Therapy and mental health have long been taboo in communities of color. A systemic lack of access to resources and information has created an immense stigma. However, the consequences of maintaining a “hush-hush” approach to mental health can be devastating, as it supports patterns of dismissing mental health concerns and even ostracizes those who struggle with mental health issues.
As a therapist, especially a Black female therapist, I understand why seeking services as a person of color can be daunting. Common themes about therapy I hear in my community are, “a therapist won’t understand what I’m going through,” “I can’t trust a stranger with my personal business,” or “I can handle things myself.” These fears may come from real experiences with discrimination and culturally insensitive helping professionals, who have further contributed to cycles of mistrust and misinformation. Hesitance to be vulnerable with strangers has historical backing. Many Black people have shunned public and even private forms of vulnerability to keep from being seen as weak. The pressure to be seen as strong originated as a means of survival. However, this mindset can be a barrier to getting much needed help, perpetuating cycles of dismissing, judging, and often alienating people struggling with mental health issues.

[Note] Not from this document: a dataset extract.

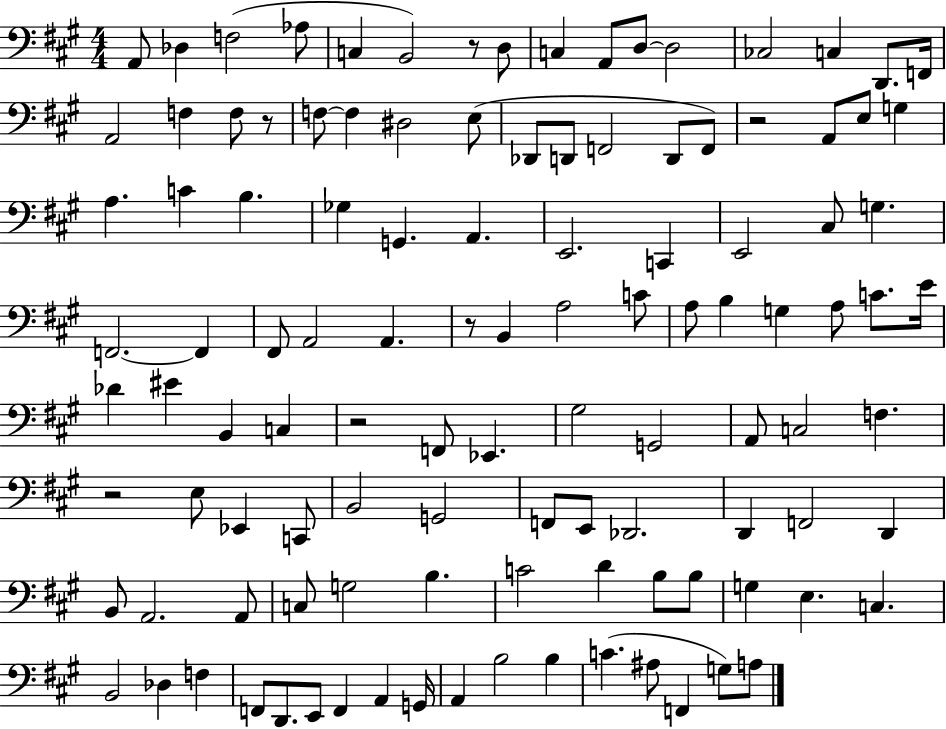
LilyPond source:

While I understand the obstacles to seeking therapy, I also see the dire need for mental health access and education within our communities. With social media making it increasingly easier to share experiences and resources regarding mental health struggles, we are experiencing a significant cultural shift toward healing. People from many generations, especially millennials and gen Z, are taking positive steps toward destigmatizing mental health. There are calls to recognize generational trauma and break generational curses so that future generations do not need to suffer in silence as many before us have.

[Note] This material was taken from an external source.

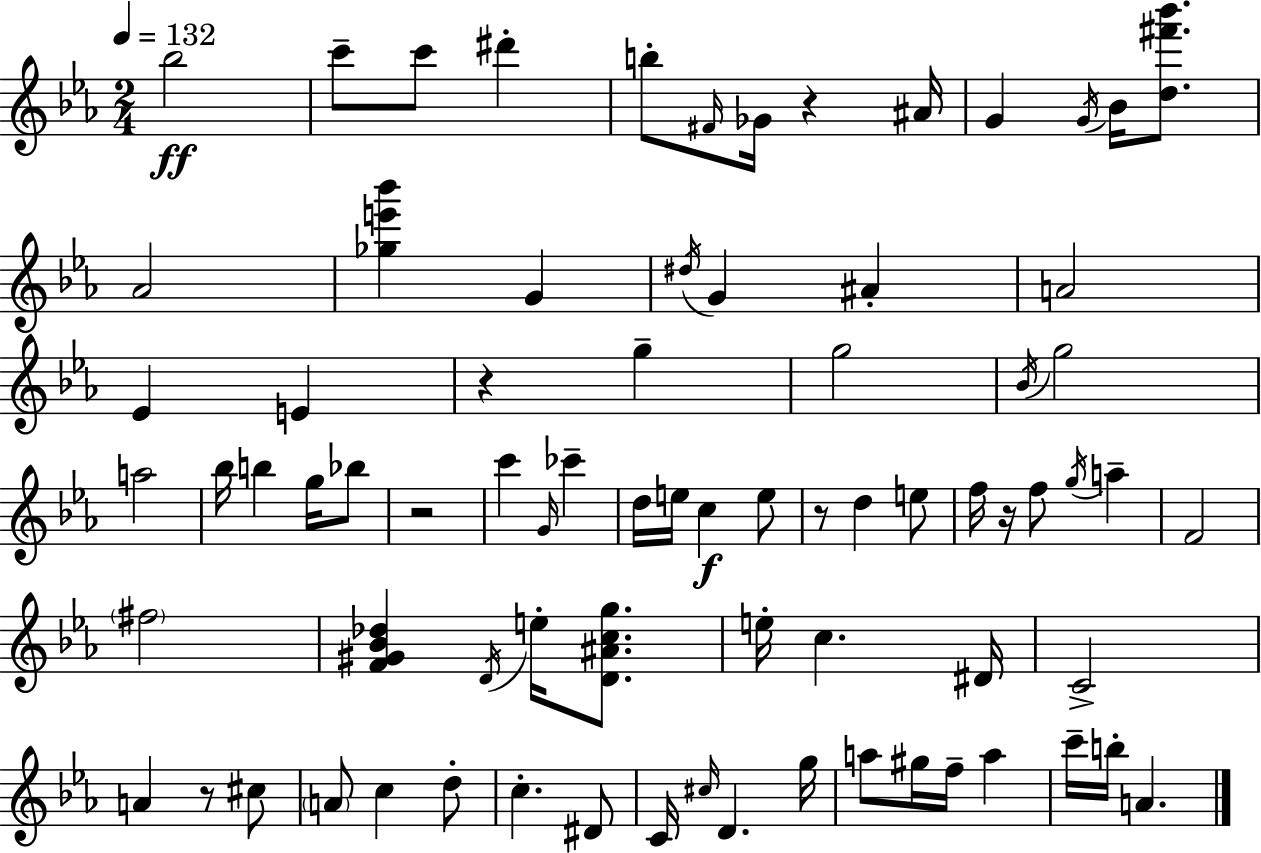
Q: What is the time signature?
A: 2/4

So what does therapy look like? At its core, therapy requires acknowledging a problem or an issue, a desire for change, and reflection. Therapy is a conversation with someone trained to listen empathically, help you understand your own experience, and provide a place for you to find peace and healing. In therapy, you can confront problematic behaviors, challenge your beliefs and schools of thought, take action steps toward change, and learn to accept what cannot change. Therapy can be a safe place to process generational trauma and explore your identity as a person of color.
Working with a therapist of color may lessen some of the initial worries you may have about not feeling understood. We recommend reading the bios of potential therapists and setting an appointment to begin the process. Therapy can be a powerful tool in helping you create the life you envision for yourself. I encourage you to challenge the notion that it is selfish or weak to work on yourself. You deserve to heal. You deserve to reflect and be heard. You deserve a healthy, full life.